Charts and Analysis
'Break-even' occurs when the total profit a business is equal to the costs they make.
For example: if a business makes £50 in a day and they have to spend £50 to get supplies, then the next day they make £60 then this is break-even.
First, you need to draw a basic graph with an X and Y axis. On the X axis, you need write the output from the business and on the Y axis you need to write the costs and revenue (income).
Next, plot a horizontal fixed cost line, the fixed costs don't change with output. Then, plot a variable cost line. This is the total cost line. This is because the fixed cost added to the variable cost is the total cost. Fixed+Variable=Total.
To calculate the variable cost you multiply variable cost per unit times the number of units.
Break-even is when the business can finally start making more profit than cost. So, even if they have to spend £50 they have more money as profit.
This sounds complicated, but it really isn't.

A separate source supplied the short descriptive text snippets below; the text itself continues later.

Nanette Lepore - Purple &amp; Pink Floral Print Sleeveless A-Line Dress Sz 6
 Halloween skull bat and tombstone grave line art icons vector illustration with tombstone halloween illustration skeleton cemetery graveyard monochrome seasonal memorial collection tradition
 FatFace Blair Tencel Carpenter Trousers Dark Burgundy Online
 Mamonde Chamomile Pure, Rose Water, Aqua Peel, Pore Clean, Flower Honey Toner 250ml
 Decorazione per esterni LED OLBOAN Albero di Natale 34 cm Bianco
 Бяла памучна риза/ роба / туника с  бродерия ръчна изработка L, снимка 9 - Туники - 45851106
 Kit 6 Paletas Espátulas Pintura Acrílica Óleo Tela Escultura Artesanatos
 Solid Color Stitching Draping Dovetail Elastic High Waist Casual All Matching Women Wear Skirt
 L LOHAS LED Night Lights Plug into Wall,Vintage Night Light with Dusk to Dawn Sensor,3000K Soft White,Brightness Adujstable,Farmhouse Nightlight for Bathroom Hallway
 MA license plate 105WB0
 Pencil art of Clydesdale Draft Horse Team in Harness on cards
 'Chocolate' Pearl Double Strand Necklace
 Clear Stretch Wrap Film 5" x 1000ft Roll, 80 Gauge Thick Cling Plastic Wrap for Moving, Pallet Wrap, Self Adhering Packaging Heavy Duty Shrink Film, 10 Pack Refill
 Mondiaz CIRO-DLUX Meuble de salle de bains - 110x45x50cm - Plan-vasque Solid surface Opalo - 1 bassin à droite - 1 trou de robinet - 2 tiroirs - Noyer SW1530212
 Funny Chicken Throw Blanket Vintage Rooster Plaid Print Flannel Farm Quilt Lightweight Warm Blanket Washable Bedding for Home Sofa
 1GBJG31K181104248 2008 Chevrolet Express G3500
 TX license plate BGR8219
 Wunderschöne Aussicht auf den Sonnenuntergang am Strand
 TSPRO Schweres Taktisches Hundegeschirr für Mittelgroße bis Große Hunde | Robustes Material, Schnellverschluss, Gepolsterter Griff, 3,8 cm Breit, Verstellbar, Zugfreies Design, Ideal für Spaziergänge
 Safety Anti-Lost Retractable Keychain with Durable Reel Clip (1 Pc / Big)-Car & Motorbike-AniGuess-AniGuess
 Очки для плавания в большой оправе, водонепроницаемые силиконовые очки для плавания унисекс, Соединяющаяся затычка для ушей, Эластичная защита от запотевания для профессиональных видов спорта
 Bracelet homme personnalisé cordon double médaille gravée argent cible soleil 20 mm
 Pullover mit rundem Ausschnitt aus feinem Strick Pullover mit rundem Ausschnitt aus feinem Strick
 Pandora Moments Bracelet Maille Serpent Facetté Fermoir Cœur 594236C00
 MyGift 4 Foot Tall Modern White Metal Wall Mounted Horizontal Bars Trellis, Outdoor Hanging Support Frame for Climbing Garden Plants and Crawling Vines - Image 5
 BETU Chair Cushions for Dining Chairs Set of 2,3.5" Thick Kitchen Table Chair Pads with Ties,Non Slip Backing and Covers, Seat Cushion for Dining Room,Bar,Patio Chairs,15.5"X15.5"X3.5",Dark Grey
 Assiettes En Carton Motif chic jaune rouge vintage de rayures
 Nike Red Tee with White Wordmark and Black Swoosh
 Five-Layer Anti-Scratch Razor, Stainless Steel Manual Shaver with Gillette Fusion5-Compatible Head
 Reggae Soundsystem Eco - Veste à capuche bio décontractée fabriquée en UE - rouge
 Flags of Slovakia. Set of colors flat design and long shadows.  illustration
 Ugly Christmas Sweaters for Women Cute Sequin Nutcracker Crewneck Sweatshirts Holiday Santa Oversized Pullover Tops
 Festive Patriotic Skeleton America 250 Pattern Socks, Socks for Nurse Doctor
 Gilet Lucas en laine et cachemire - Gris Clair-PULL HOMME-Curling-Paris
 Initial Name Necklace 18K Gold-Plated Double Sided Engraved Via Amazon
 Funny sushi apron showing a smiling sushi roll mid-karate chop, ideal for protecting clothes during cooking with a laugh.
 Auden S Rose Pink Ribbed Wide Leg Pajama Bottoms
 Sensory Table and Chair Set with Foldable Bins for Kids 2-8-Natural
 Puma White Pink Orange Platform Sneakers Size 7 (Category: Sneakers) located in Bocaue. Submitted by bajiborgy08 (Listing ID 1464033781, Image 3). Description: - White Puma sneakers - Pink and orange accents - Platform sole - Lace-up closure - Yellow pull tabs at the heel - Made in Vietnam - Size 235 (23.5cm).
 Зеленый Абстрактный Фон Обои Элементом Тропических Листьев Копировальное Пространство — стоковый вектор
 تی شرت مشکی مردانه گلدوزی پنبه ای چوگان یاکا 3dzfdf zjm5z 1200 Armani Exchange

Break-even is when a business starts to make profit.
When McDonald's started their business, there would have been a time at the start when they had to use their own expenses and resources, like a bank loan, to buy what they needed for their business. As soon as they started making extra money that covered more than their expenses, this was the break-even point.
- If a business does not reach this point, then they are spending their own money and not making any more, this risks the business becoming bankrupt.
- When a business reaches the break-even point they may need to think about expanding and choosing how to best spend their profit to make their business even better.
- When a business reaches the break-even point then they start making more money and making a profit.
- Making more money in a business may also mean hiring more staff to cover the increase in customers, or buying more goods to sell to the increasing amount of customers.